2000
    July 2000
        Orchestral
                Bax Symphony No 5 in C sharp minor The Tale the Pine Trees Knew 
  

Bax Symphony No 5 in C sharp minor. The Tale the Pine Trees Knew Royal Scottish National Orchestra / David Lloyd-Jones

Naxos (Super budget price) 8 554509 (58 minutes: DDD)

Bax conducting and playing of keen instinct from Lloyd-Jones and the RSNO – on balance, the most impressive instalment yet in this budget-price series

Symphony – comparative version:
LPO, Thomson (8/89) (CHAN) CHAN8669
The Tale the Pine Trees Knew – comparative version:
Ulster Orch, Thomson (9/85) (CHAN) CHAN8367

The Fifth is perhaps the most characteristic of Bax’s cycle of seven symphonies, but for all the music’s powerful range of emotion, its seemingly bewildering profusion of material and countless moments of bewitching beauty, the composer’s cannily resourceful symphonic processes are by no means easy to assimilate on first acquaintance (repeated hearings do indeed reveal that all the main ideas have a subtle kinship with the slumbering, unforgettably resonant Poco lento introduction). Nor is it by any means an easy work for performers to negotiate, so it gives me enormous pleasure to report once again that Lloyd-Jones’s intelligent, meticulously observant and purposeful direction pays handsome dividends, and that a well-drilled RSNO in turn responds with sensitivity and enthusiasm. Completed in early 1932, the symphony is dedicated to Sibelius, and in the outer movements especially I’ve never been more aware of the (presumably subconscious?) allusions to the Finnish master’s own Fifth Symphony.

Lloyd-Jones excels in the tightly knit canvas of the opening movement, its epic ambition for once matched by a sense of momentum, architectural grandeur and organic ‘wholeness’ that genuinely compel: not only does he judiciously resist the temptation to dwell too lovingly over Bax’s gorgeously lyrical secondary material, he is also notably successful at bringing out the muscular toughness of the Allegro con fuoco main theme (whose angular rhythm plays such a crucial role in the development).

In the slow movement Lloyd-Jones paints a chillier, more troubled landscape than do either Raymond Leppard (Lyrita, 5/72 – nla) or Bryden Thomson (both of whom conjure the most opulent textures from the LPO). These newcomers are leaner, their approach more affectingly restrained, but they do not miss out on the anguish and slumbering tragedy that courses through this music, and, long before the movement’s close, it’s only too clear that the demons that stalked Bax in the First Symphony’s astonishing central Lento solenne still haven’t been entirely exorcised.

The finale’s main Allegro sets out with gleeful dash and a fine rhythmic snap to its heels.
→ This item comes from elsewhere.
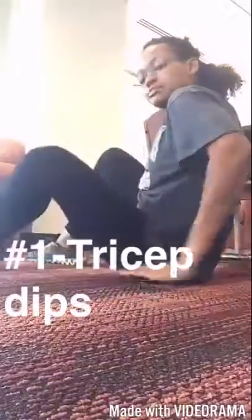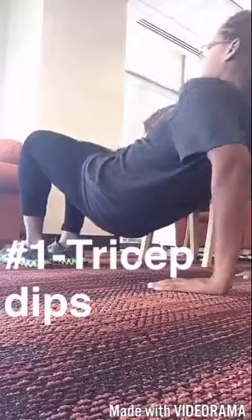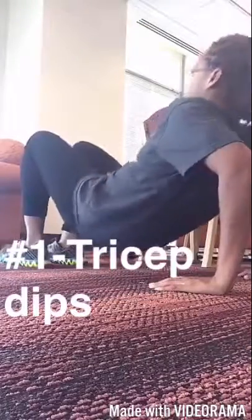First up is tricep dips. You're going to raise your hips and bend your arms gently.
From two bars after fig 27 (4'15"), I’d have preferred to hear more of the muted horns and cor anglais cutting through the texture, but how well Lloyd-Jones judges that tricky, crisis-ridden transition into the epilogue (I hear definite echoes here of the equivalent passage in the last movement of Bax’s Second). Certainly, the apotheosis is a hard-won, grudging victory; those grinding ostinato and acrid woodwinds which launch the Sixth have suddenly never seemed closer.

The 1931 tone-poem The Tale the Pine Trees Knew makes an ideal bedfellow, foreshadowing as it does the bracingly ‘northern’ (to quote the composer) demeanour of the Fifth. Lloyd-Jones’s zestful, attractively wiry reading is fascinatingly different from Thomson’s altogether more darkly evocative (and, it must be said, acutely perceptive) Ulster account. Eyebrows may be raised over Lloyd-Jones’s comparatively extrovert treatment of the work’s exultant final climax, but to my ears it works perfectly convincingly within the context of his conception as a whole. I would not prefer it to the Thomson (still, for me, one of the jewels of the entire Bax discography), but the two performances do complement each other beautifully none the less.

In short, another terrific coupling within what is turning out to be one mightily rewarding enterprise. Plaudits, too, for another eminently truthful, judiciously balanced sound picture from producer/engineer Tim Handley. Roll on the remaining symphonies (Nos 4, 6 and 7) with these same fine artists!